- WHAT YOU SHOULD DO -
For this exercise, retype all the data exactly and exclude every image.

- DATASET EXTRACT -
- - -

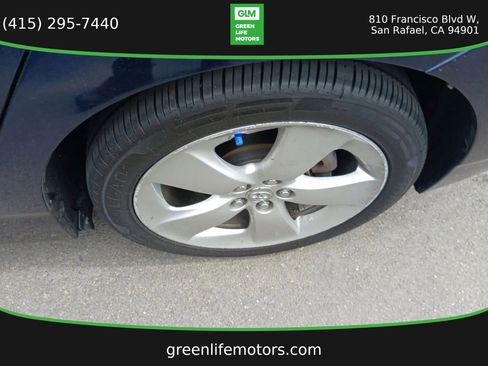 Used 2012 Toyota Prius Five FWD image 9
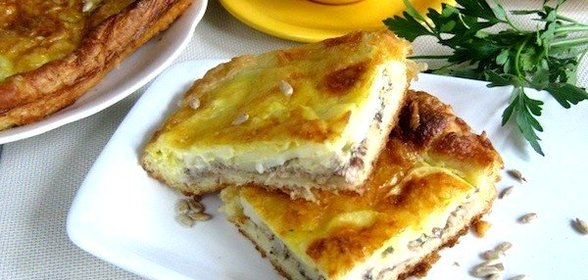 Открытый пирог с сайрой и картофелем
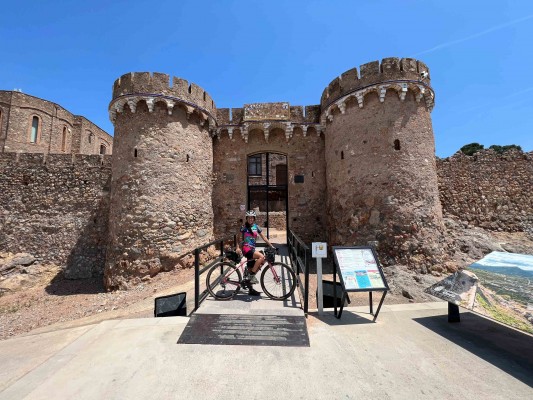 
La 2 de TVE estrena 'El Camino del Cid: Diario de una Ciclista' con un recorrido por Castelló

- - -

- SOLUTION TO THIS PROBLEM -
 Used 2012 Toyota Prius Five FWD image 9
 Открытый пирог с сайрой и картофелем
La 2 de TVE estrena 'El Camino del Cid: Diario de una Ciclista' con un recorrido por Castelló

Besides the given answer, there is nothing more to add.